Noi poco tecnologici, tra noi ci riconosciamo facilmente: litighiamo con la cassa automatica del supermercato, sbagliamo il PIN al Bancomat, portiamo il foglietto con le password nel portafogli, ci incazziamo quando il decoder del digitale terrestre fa gli aggiornamenti sul più bello,…
Bene: se già facciamo fatica noi a star dietro alla tecnologia che ci incalza e, spesso, ci sorpassa, mi chiedo quanto possa essere facile ed inclusivo per quelle persone che la nostra società chiama “diversamente abili”.
Una società che pensa alla tecnologia inclusiva, dovrebbe prima pensare a creare le condizioni minime utili e necessarie affinché la tecnologia sia davvero utile all’inclusione di tutti (anziani, diversamente abili, analfabeti tecnologici,…), altrimenti si corre il rischio di mandare alle ortiche le buone intenzioni che, sia chiaro, non sono messe in dubbio, non da me. Il potenziale è enorme e i vantaggi in termini di miglioramento della qualità della vita sono esponenziali, a patto che l’accesso alla tecnologia sia facile per tutti, nessuno escluso. D’altra parte, non stiamo forse parlandi di inclusione?!

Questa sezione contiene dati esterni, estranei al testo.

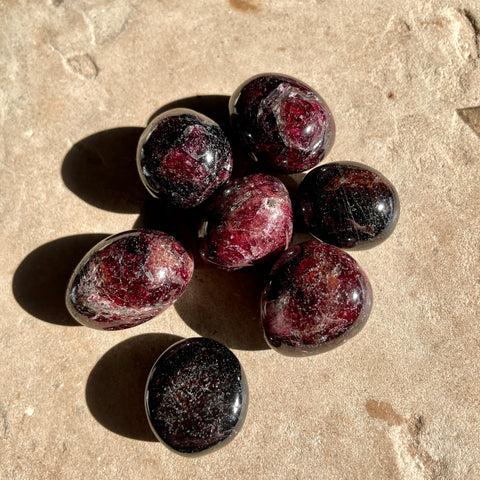 Garnet Tumble
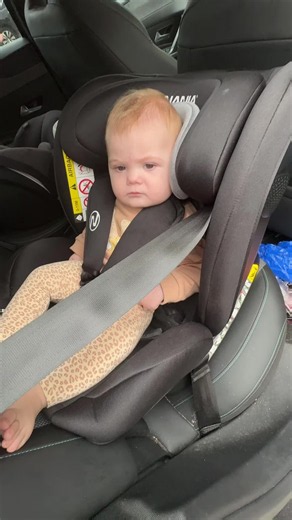 Baby Mya dans son siège auto évolutif — très à l’aise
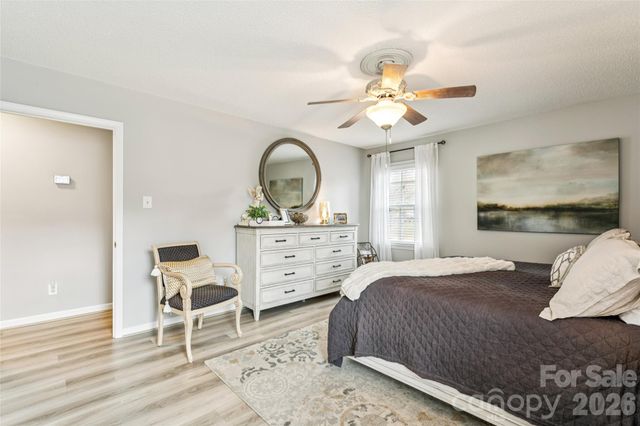 8815 Columbus Street, Davidson, NC 28036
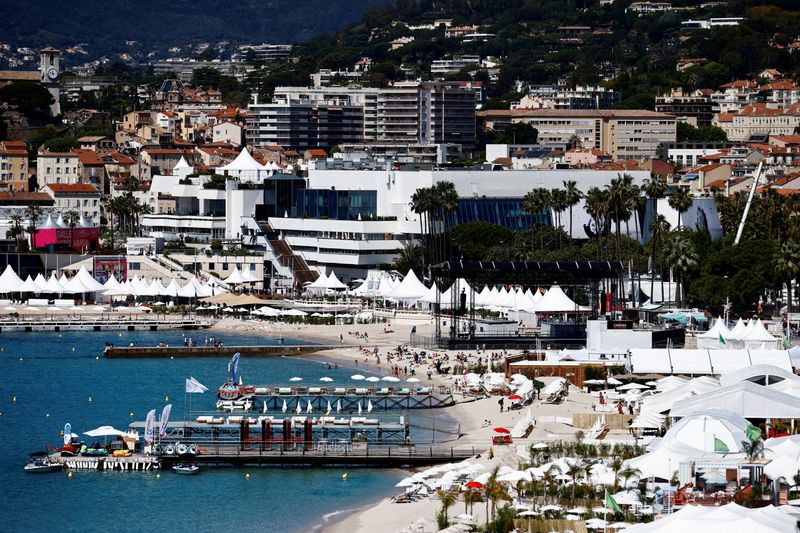 &copy; Reuters. FILE PHOTO: The 76th Cannes Film Festival - Cannes, France, May 16, 2023. A view shows beaches on the Croisette and the Palace festival on the day of the opening ceremony of the film festival. REUTERS/Yara Nardi/File Photo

Ma, ancora più a monte, mi verrebbe da chiedermi: una società civile ha davvero bisogno di tenere vivo il concetto di “inclusione”? Ha realmente bisogno di creare una distinzione tra “abili”, “diversamente abili”, “inabili”? Tra giovani e anziani? Tra uomo tecnologico ed analfabeta tecnologico?
Una società davvero civile, secondo me, non dovrebbe distinguere. Semplicemente dovrebbe garantire a tutti il giusto livello di “tecnologicizzazione”, di vivere bene e di ricevere aiuto e sostegno alla bisogna.
E niente: resto una sognatrice!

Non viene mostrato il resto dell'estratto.